Corporation get away with a lot more than people realize.. Just look at all the areas completely poisoned by GE, or Monsanto.  Etc etc.  

The merits as to what took place and how or why are what I'm taking about..  instead of passing the buck and not accepting responsibility for our own actions just transfers over to larger laws, more government regulations or deregulation depending on who it benefits...and the costs are just passed onto consumers... the corps never even feel it..

The topic at hand is "how does someone get into making and distributing "  reenactment pieces without getting ones life sued from underneath ones self..

Small business.. working for your self is always a gamble. Any given day of the week can be my last day..  

As to swords or other weapons breaking in use.  It's been happening for thousands of years..

There are no guarantees..  Just best guesses so having a willingness to dot all the I and Tees.
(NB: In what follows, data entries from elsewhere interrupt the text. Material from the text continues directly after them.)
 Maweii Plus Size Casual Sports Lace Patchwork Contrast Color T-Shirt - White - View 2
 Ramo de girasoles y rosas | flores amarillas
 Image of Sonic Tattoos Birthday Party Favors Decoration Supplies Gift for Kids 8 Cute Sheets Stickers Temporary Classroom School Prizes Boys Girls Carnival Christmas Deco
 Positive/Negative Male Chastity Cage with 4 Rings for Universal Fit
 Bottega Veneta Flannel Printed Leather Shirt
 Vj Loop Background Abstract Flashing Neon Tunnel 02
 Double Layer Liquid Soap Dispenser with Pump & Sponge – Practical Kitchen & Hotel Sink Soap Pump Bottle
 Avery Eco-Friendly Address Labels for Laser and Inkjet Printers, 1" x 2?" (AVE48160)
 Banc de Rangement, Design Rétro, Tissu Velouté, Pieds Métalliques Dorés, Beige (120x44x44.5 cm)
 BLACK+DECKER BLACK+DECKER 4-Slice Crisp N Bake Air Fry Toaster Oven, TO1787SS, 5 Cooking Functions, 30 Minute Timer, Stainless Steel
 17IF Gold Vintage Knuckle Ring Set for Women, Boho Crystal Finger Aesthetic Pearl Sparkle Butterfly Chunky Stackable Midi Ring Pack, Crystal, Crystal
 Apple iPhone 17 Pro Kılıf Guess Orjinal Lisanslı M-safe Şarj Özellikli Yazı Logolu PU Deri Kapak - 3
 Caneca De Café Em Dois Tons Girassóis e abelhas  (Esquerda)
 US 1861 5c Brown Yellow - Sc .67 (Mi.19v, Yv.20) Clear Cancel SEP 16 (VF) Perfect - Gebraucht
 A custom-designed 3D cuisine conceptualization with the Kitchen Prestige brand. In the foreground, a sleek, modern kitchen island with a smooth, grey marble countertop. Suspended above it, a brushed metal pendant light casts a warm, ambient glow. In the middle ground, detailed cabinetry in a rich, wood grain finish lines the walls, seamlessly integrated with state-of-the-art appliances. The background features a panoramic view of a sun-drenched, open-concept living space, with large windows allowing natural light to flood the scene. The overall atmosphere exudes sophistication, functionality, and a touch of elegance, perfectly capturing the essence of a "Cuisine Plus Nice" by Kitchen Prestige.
Carry plenty of insurance with the hopes of never being sued and keep plenty of money in an shoebox for the what if...

Keep all the documentation on heat treats, metal batches (so you can sue the metal company if you get sued)  and follow all information to the letter..

Any variation of listed heat treating recommendations if done more than once can be seen as negligence.. or a pattern and can be argued in court.

Sadly, it's easy enough to make anybody look like a bad guy... some one comes for a visit and trips over a single stone on the walk way which is a perfect otherwise...

Given enough assets anybody is fair game..

Crazy....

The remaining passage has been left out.